AIM OF THE EXERCISE ->
Please copy the data below exactly; none of the pictures in it belong in the copy.
Segment Start: SUPPLIED DATA
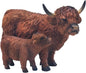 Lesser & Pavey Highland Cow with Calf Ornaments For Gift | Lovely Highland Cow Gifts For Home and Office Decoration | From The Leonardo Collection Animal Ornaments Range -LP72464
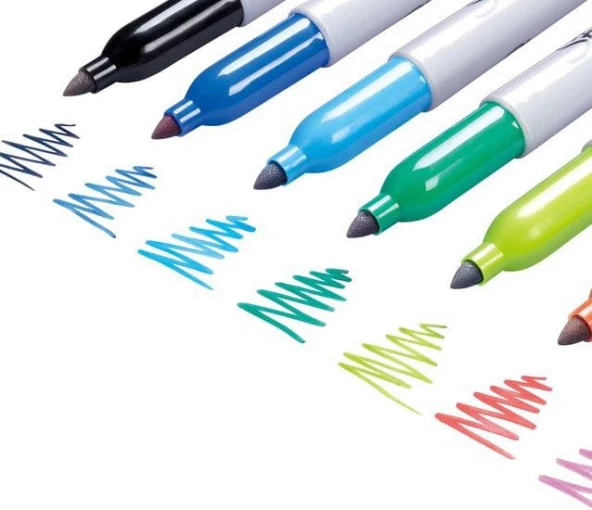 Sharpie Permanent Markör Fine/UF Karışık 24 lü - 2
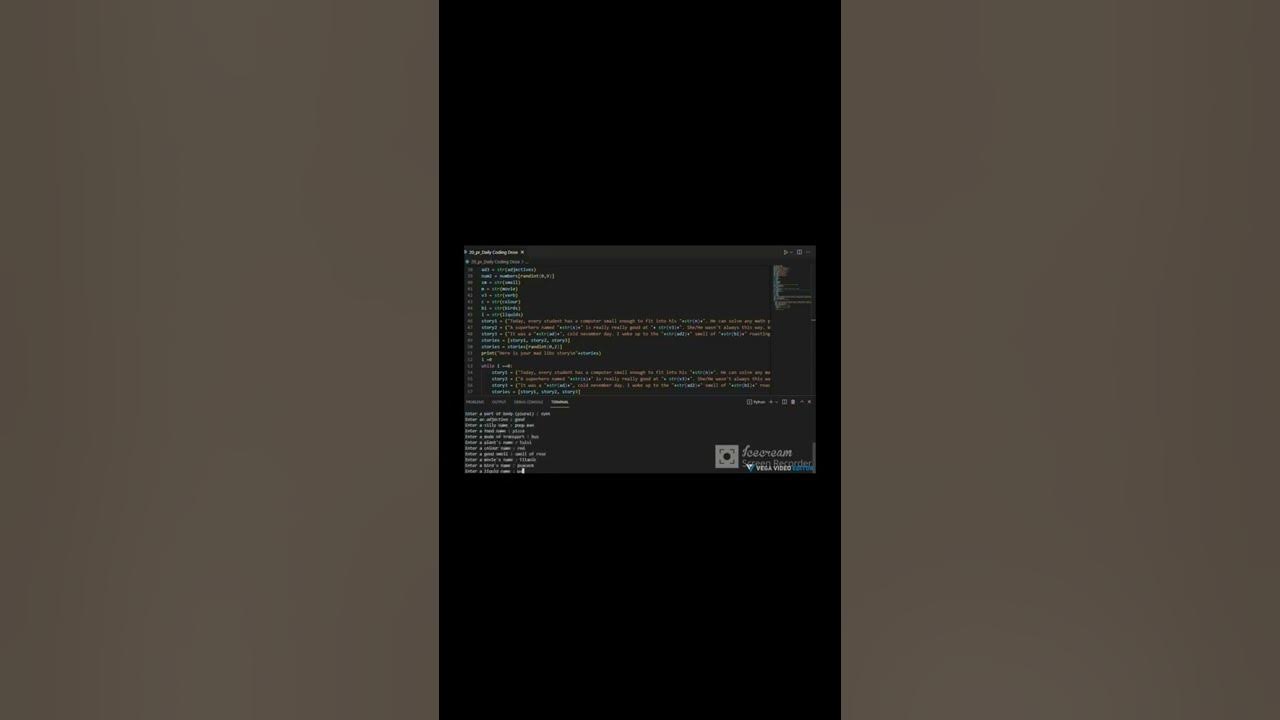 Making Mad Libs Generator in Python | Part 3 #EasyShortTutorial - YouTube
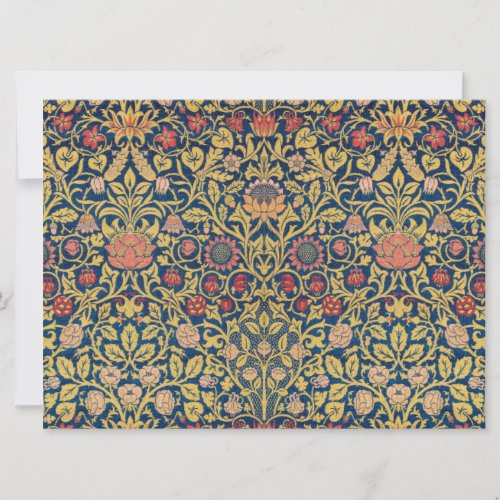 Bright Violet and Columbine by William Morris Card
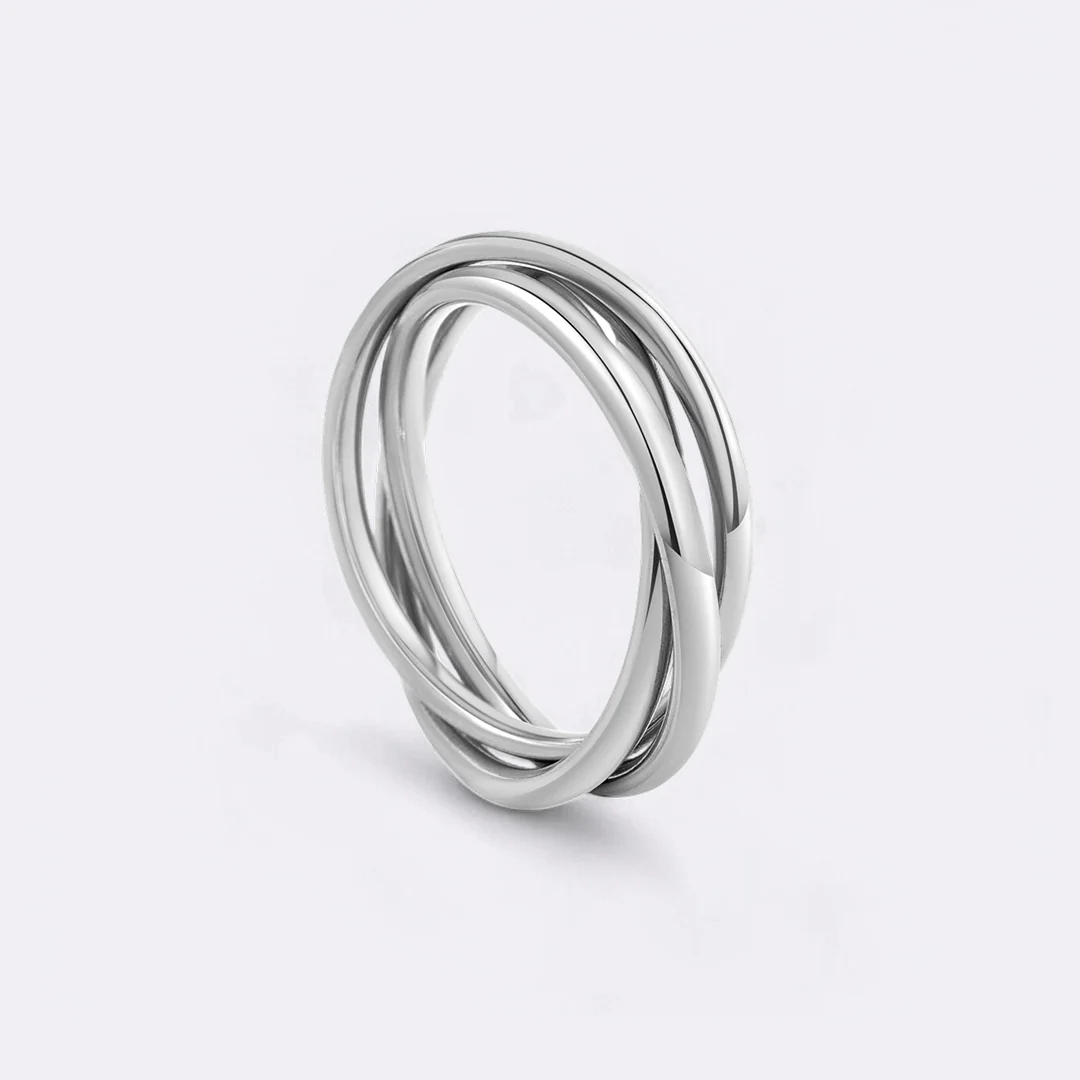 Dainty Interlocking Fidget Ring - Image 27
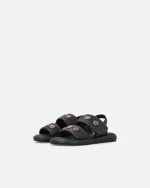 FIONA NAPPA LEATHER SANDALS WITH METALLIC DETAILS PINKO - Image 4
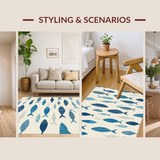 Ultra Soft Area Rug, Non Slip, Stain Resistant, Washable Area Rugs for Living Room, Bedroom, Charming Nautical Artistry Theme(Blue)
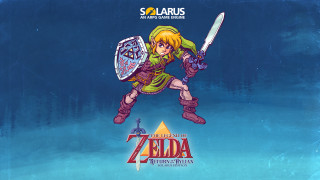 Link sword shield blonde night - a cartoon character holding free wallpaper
Segment End: SUPPLIED DATA
SOLUTION ->
 Lesser & Pavey Highland Cow with Calf Ornaments For Gift | Lovely Highland Cow Gifts For Home and Office Decoration | From The Leonardo Collection Animal Ornaments Range -LP72464
 Sharpie Permanent Markör Fine/UF Karışık 24 lü - 2
 Making Mad Libs Generator in Python | Part 3 #EasyShortTutorial - YouTube
 Bright Violet and Columbine by William Morris Card
 Dainty Interlocking Fidget Ring - Image 27
 FIONA NAPPA LEATHER SANDALS WITH METALLIC DETAILS PINKO - Image 4
 Ultra Soft Area Rug, Non Slip, Stain Resistant, Washable Area Rugs for Living Room, Bedroom, Charming Nautical Artistry Theme(Blue)
 Link sword shield blonde night - a cartoon character holding free wallpaper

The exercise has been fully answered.